In the previous article of this series we saw how one of the three key elements of ARCANNA works and to be more specific we looked at event clustering.
Let’s recap what are the three modules of ARCANNA that play an important role in the final output:
- Clustering the events
- Probable root cause determination
- User-provided feedback
In this article we will take a closer look at the second of these 3 modules: Probable Root Cause Determination
What is probable root cause determination
Root cause determination is a process of analysis in which we try to discover the main source of a problem. Generally, in IT, when something is not working properly there are several other devices and applications affected as well as users. As such when alerts begin to appear they might all have a common element which is cause them to trigger.
Traditionally a root cause analysis requires cooperation between several IT teams in order to check each alert and determine which is the main source of the issue. The most difficult and tedious task is to separate the false positives (alerts generated by connected events such as users not having internet due to a faulty switch) from the real alerts.
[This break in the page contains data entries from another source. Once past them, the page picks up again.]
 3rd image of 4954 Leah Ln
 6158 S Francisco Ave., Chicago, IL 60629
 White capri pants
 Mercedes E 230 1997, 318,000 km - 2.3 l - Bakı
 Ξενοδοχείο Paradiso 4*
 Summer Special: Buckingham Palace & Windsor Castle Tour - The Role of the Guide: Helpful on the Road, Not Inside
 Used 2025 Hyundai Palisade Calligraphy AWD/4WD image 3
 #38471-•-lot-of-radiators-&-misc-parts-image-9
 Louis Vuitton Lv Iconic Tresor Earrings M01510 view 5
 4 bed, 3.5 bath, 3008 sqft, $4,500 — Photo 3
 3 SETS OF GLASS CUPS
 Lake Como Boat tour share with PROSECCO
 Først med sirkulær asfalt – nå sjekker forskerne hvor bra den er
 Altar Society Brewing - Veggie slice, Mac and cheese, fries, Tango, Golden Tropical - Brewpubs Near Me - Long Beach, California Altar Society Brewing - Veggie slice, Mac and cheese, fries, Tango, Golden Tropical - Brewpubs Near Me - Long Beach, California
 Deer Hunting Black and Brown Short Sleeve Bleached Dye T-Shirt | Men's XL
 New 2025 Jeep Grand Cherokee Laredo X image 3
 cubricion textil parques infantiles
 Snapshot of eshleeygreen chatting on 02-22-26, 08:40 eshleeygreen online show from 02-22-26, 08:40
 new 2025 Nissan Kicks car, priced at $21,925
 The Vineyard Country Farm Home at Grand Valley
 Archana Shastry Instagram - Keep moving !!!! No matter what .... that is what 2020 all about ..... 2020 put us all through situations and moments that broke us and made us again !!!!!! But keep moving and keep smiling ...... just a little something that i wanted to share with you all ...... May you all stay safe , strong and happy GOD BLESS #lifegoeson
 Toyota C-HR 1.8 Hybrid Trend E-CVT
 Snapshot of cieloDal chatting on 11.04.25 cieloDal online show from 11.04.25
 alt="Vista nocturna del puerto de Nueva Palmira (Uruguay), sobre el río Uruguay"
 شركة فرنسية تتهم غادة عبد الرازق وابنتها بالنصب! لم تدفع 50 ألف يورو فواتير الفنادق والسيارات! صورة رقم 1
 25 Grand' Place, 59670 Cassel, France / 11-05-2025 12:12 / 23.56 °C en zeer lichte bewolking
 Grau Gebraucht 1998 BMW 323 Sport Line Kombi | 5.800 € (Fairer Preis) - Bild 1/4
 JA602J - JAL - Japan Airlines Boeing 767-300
Once the issue is identified the support team can fix it and alerts should begin to disappear.
As you can see (and most likely also experienced) this is a difficult process to go through which requires a lot of resources and also takes a long time.
How it works
In ARCANNA’s case the process of root cause determination is automated by making use of a neural network.
As alerts begin to trigger they are captured and sent into the Elastic Stack where they are stored and analyzed. During the analysis process some events are enriched with additional information in the form of extra fields. After the events are enriched they pass through a neural network one at a time to determine which is the root cause of the issue. As the alerts are being analyzed by the neural network, the weights (relevance in the analysis) of some fields get higher priority. The weights of the fields is determined by cross examining the events with the infrastructure topology and dependencies between devices, applications and services.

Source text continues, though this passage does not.